GIVEN RECORDS

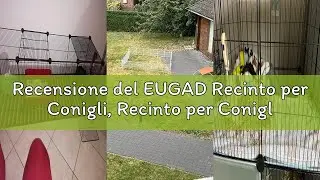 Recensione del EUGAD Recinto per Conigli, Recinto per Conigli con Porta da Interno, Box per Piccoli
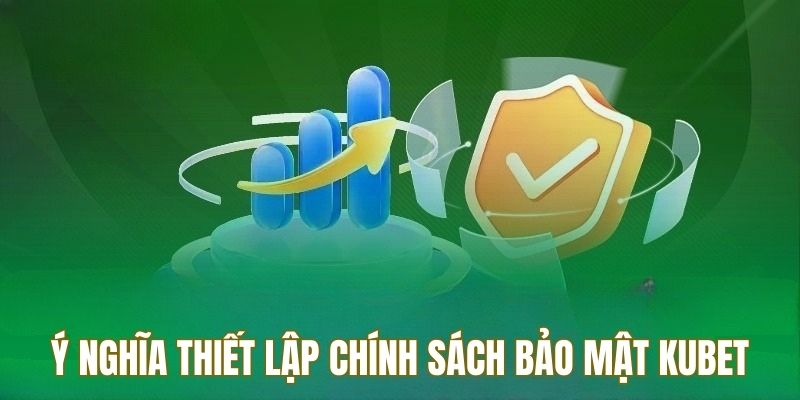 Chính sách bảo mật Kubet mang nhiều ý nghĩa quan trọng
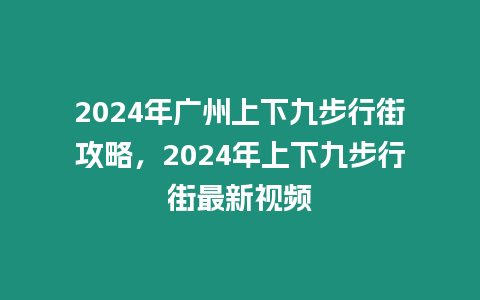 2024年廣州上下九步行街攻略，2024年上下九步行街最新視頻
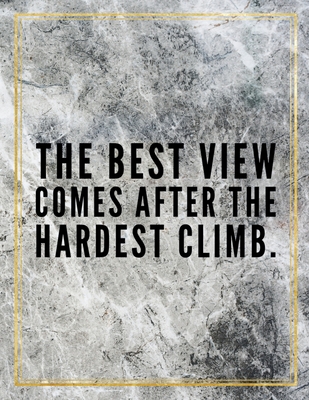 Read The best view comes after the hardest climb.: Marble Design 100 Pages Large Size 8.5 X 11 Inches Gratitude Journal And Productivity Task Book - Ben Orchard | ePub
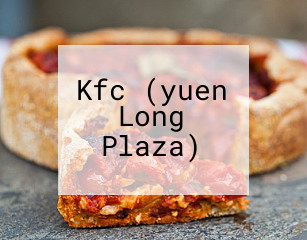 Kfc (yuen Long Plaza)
---
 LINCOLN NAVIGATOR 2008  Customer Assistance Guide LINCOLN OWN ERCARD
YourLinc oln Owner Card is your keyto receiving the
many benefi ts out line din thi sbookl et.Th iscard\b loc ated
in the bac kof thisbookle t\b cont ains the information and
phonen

ABOUT THIS EXERCISE
Everything above from the line with "2024年廣州上下九步行街攻略，2024年上下九步行街最新視頻" through the line with "Kfc (yuen Long Plaza)" should be retyped exactly, and nothing else; omit pictures.

EXPECTED OUTPUT
 2024年廣州上下九步行街攻略，2024年上下九步行街最新視頻
 Read The best view comes after the hardest climb.: Marble Design 100 Pages Large Size 8.5 X 11 Inches Gratitude Journal And Productivity Task Book - Ben Orchard | ePub
 Kfc (yuen Long Plaza)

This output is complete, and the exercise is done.